“As far as nursing homes go Rosehill Gardens is a decent enough place. But both Grace and Edith are desperate to escape its confines. Regardless of the word ‘Volunteer’ featured prominently on her official name badge, Grace doesn’t want to be there. The twenty-year-old’s life is enough of a mess without being obliged to front up every week and read to an elderly stranger.
And Edith might have the most colourful room in the whole facility but her bright and bold surrounds mask a tragic past with which she is still coming to terms. Her trademark positivity is becoming increasingly difficult to maintain, particularly when she knows she will never truly belong at Rosehill.
Everyone has a different story to tell and some of those stories are painful and difficult to communicate. But can the simple act of storytelling begin the process of healing for Grace and for Edith?”
I was somewhat intrigued by the description of this book when I received it in the mail a few weeks ago and I couldn’t wait for it to reach the top of my pile.
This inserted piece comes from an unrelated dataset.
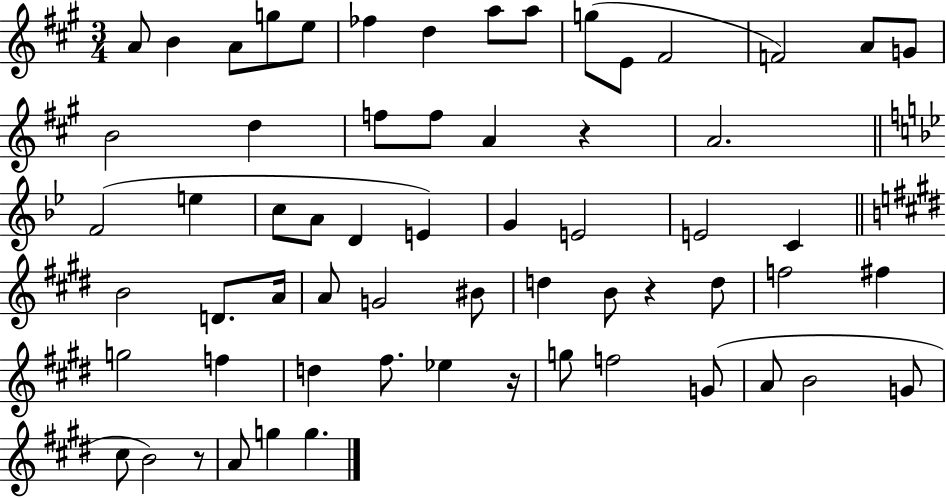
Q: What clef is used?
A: treble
Needless to say, on finishing it, I was thoroughly satisfied.
I first came across Helen McKenna a few years back when she published her novel, The Beach House (my review here) which I enjoyed immensely and was blown away by how seamlessly she wrote five stories in one.
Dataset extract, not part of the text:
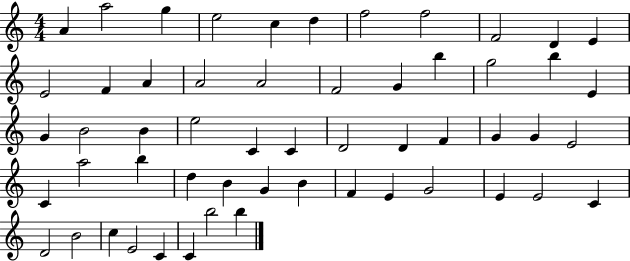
A4/q A5/h G5/q E5/h C5/q D5/q F5/h F5/h F4/h D4/q E4/q E4/h F4/q A4/q A4/h A4/h F4/h G4/q B5/q G5/h B5/q E4/q G4/q B4/h B4/q E5/h C4/q C4/q D4/h D4/q F4/q G4/q G4/q E4/h C4/q A5/h B5/q D5/q B4/q G4/q B4/q F4/q E4/q G4/h E4/q E4/h C4/q D4/h B4/h C5/q E4/h C4/q C4/q B5/h B5/q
In Room 46, Helen once again delivers giving us the stories of Grace and Edith – Grace, a young woman who is mentally unstable; and Edith, a resident at the Rosehill Gardens nursing home.
Grace is very broken by her past and suffers debilitating anxiety and panic attacks. These bouts are so serious that she is unable to hold down paid employment and therefore has to exist on disability payments. It is in one of her meetings with her social worker that she is told about a government initiative in which volunteers are sent out to read stories to residents of nursing homes. And so it is that she meets Edith.
I love the way Helen establishes the basics of Grace’s character in the beginning, slowly building her up, layer by layer, using the stories she tells Edith and the information she imparts along the way so that by the end of the novel, the reader has gotten to know Grace so well that it feels as if she’s sitting in the room with you.
Room 46 is a lovely story with two leading ladies whom readers will instantly connect with and relate to and I derived extreme pleasure from reading it. She develops her characters well, endearing them to the reader who is also captured by all the twists and turns that Grace’s life begins to take.
It’s a quiet, contemplative and heart-warming read that isn’t overly sentimental but will nonetheless still pull at the strings of your heart.
I wish to thank Helen McKenna for providing me with a hard copy of this lovely little novel.
About the Author
Helen McKenna grew up on the Sunshine Coast in Queensland.
Throughout her childhood she loved to read and write stories, but after school took the sensible option of a ‘real’ job at the Commonwealth Bank instead of chasing her literary dreams.
Fast forward a couple of years and she had a good job with great conditions, but no passion for what she was doing. A major restructure of the bank seemed like a great opportunity to go back to study.
Helen completed her BA at the University of Queensland and a few years after graduating (after some overseas travel and another non-literary job in local government) she started a business assisting people to write their life stories.
While she loved it and it fulfilled her dream of writing for a living she still couldn’t quell her desire to write creatively as well and revisited a manuscript of a novel she had begun a few years before.
She has always loved the beach and, during her childhood, visited a couple of old timber, Queenslander holiday houses. She never forgot the ambience of those classic old houses and really wanted to write a story based on such a house. That story was The Beach House, which was published in 2011.